De opkomst van het UCK in Kosovo

Door drs. B. Belder
BONN – Ushtria Çlirimtare e Kosovës (UCK) staat voor het Bevrijdingsleger van Kosova. Kosova heet voor de Albanezen wat voor de Serviërs Kosovo is. Bij de (tot op heden vruchteloze) onderhandelingen op Frans grondgebied en bij de (in hevigheid toenemende) gevechten op Zuid-Servisch territoir is het UCK vandaag een politieke en militaire factor van betekenis.

Balkanexpert Jens Reuter van het Südost-Institut in München tekent in het jongste nummer van ”Blätter für deutsche und internationale Politik” (Bonn) de opkomst van de Albanese guerrillabeweging, in het spraakgebruik van Belgrado simpelweg „terroristen.”

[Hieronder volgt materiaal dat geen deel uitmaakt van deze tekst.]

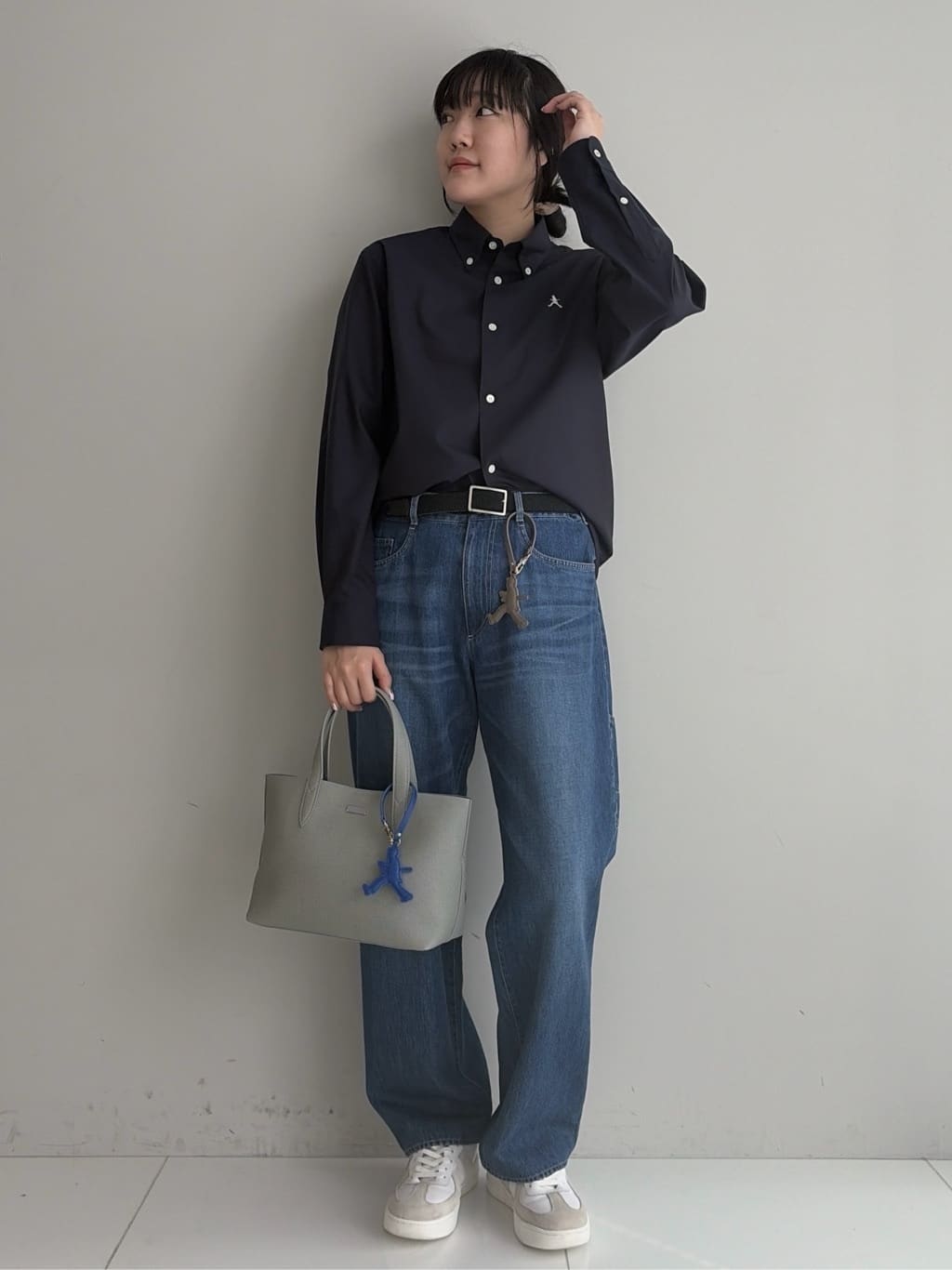Akutagawaさんの「TAKEO KIKUCHI｜【BOWLER HAT LABEL】ボーラーハットウォーカー刺繍 ボタンダウンシャツ」を使ったコーディネート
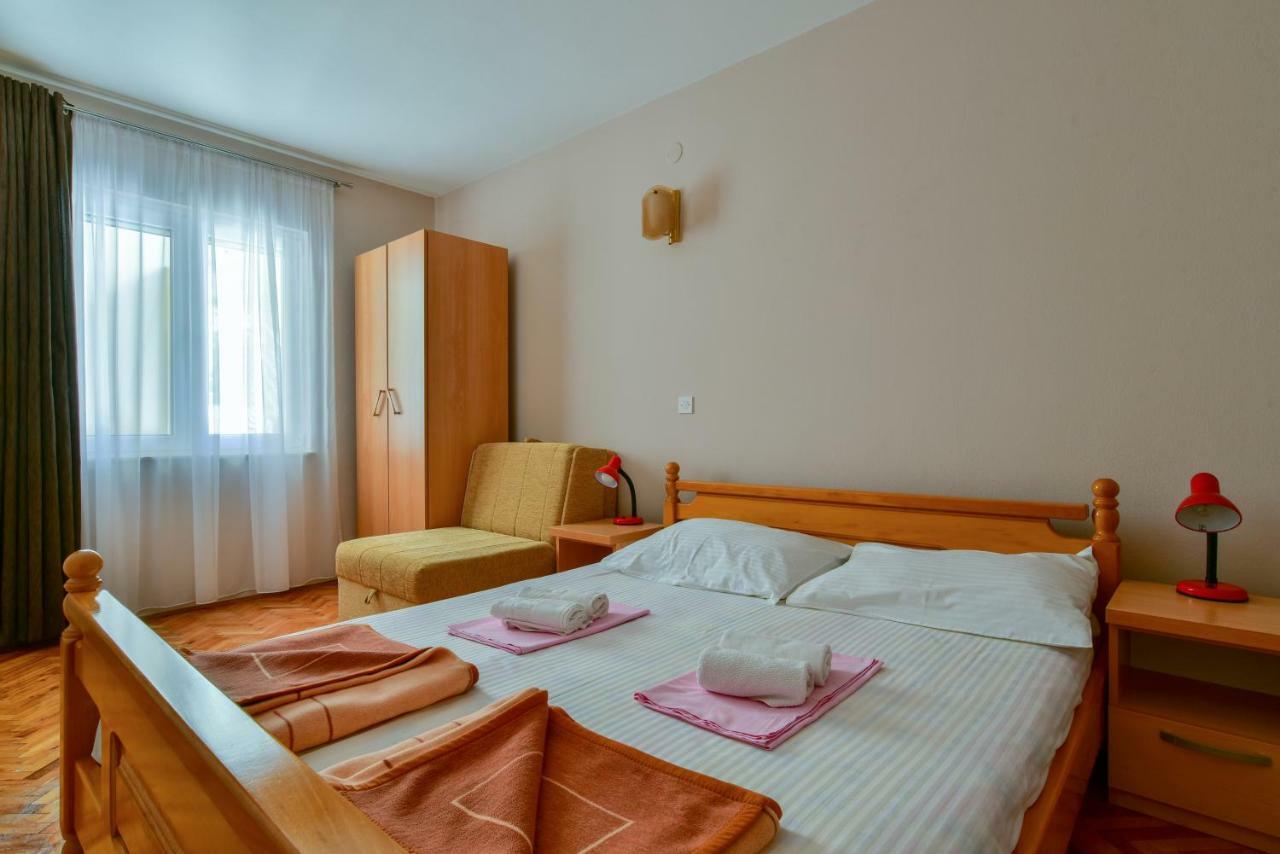 Apartments Srzentic Petrovac Eksteriør bilde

De huidige prominente rol bekleedt het UCK trouwens in weerwil van „een reeks zware nederlagen in 1998”, zet Reuter zijn analyse nuchter in. Aan officiële vertegenwoordigers van de Kosovaarse vrijheidsstrijders over de grens geen gebrek. Duitsland telt er zelfs drie. Ook de internationale verspreiding van UCK-bulletins loopt gesmeerd. Waar het echter aan schort, is een „officiële presentatie in een van de wereldtalen.”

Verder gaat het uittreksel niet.